European Joint Committee on Plasma and Ion Surface Engineering; Europäische Forschungsgesellschaft Dünne Schichten -EFDS-; Society of Vacuum Coaters -SVC-, Albuquerque/NM:
17th International Conference on Plasma Surface Engineering, PSE 2020. Online resource : Special PSE 2020, September 7 - 10, 2020, Trade Fair Erfurt, Germany
Online im WWW, 2020
Paper POC001
International Conference on Plasma Surface Engineering (PSE) <17, 2020, Erfurt>
Abstract, Elektronische Publikation
Fraunhofer IST ()
boriding; hot forming; wear resistant

Because of high temperatures in the contact zone of up to 1,000 °C, tools for the hot extrusion molding of copper and brass require surfaces with high thermal stability. In addition, the high pressure used for plastic deformation in this hot forming process increases the demand for hard and wear resistant surfaces, while the hot and very reactive copper or brass tend to stick at the surface and cause adhesive wear. Often-used hot forming tool materials, like hot working steel AISI H11 and DIN ISO 1.2367, Alloy 718 DIN ISO 2.4668, and Stellite Alloy 1, are known for low service lifetimes in this application. However, these materials, thermochemically treated by boriding, are developing hard and thermally stable layers, and possibly increase the wear resistance in this harsh environment. The boriding process is carried out at low pressure of p = 3 ‑ 7 mbar and temperatures ranging from T = 720°C to 900°C. Under these conditions, the thermal energy is sufficient to decompose BCl₃ and form MeBx metalborides at the surface in the case of hot working steels or Alloy 718 with layer thicknesses of 8 ‑ 10 and 10 ‑ 15 µm, respectively.

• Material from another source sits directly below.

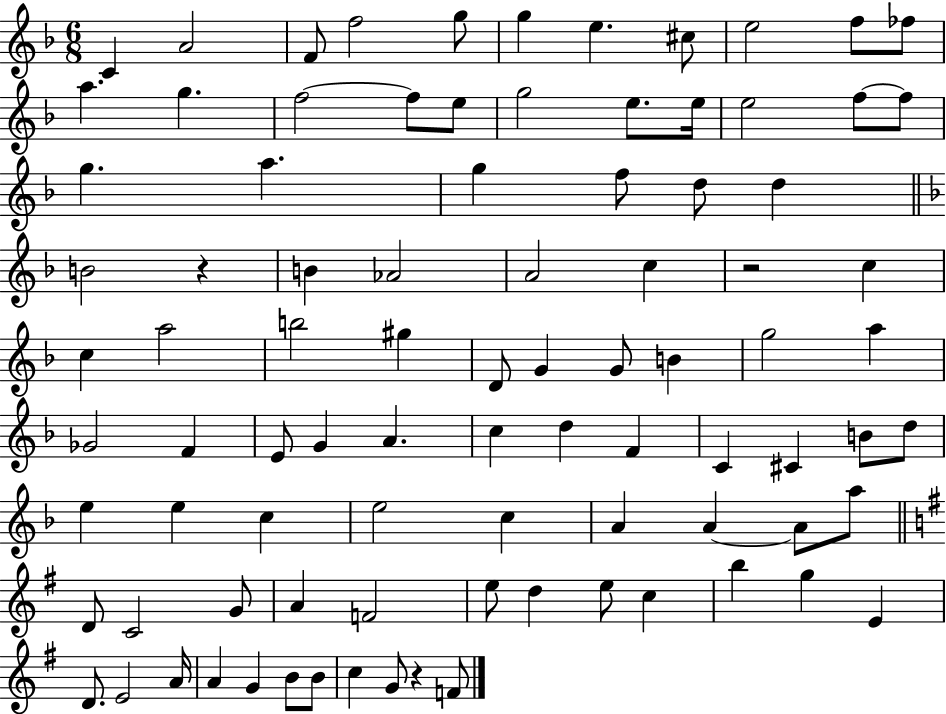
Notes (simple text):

C4/q A4/h F4/e F5/h G5/e G5/q E5/q. C#5/e E5/h F5/e FES5/e A5/q. G5/q. F5/h F5/e E5/e G5/h E5/e. E5/s E5/h F5/e F5/e G5/q. A5/q. G5/q F5/e D5/e D5/q B4/h R/q B4/q Ab4/h A4/h C5/q R/h C5/q C5/q A5/h B5/h G#5/q D4/e G4/q G4/e B4/q G5/h A5/q Gb4/h F4/q E4/e G4/q A4/q. C5/q D5/q F4/q C4/q C#4/q B4/e D5/e E5/q E5/q C5/q E5/h C5/q A4/q A4/q A4/e A5/e D4/e C4/h G4/e A4/q F4/h E5/e D5/q E5/e C5/q B5/q G5/q E4/q D4/e. E4/h A4/s A4/q G4/q B4/e B4/e C5/q G4/e R/q F4/e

Stellite Alloy 1 needs additional energy from DC-pulsed plasma to form a comparable, but thinner (ca. 2 µm) MeBx layer at T = 730°C. The boride layers show high hardness (2,000 ‑ 2,500 HV₀.₀₅), an increase in thermal stability and oxidation resistance, and strong adhesion to the substrate. The strong adhesion of the formed thin layer may be due to thermochemical diffusion processes. This is different to ceramic coatings, which create a sharp interface between the dissimilar metal substrate und ceramic coating. The thermochemical treatment during boriding converts the metallic phases of the edge layer into MeBx phases with a strong adherence to the substrate.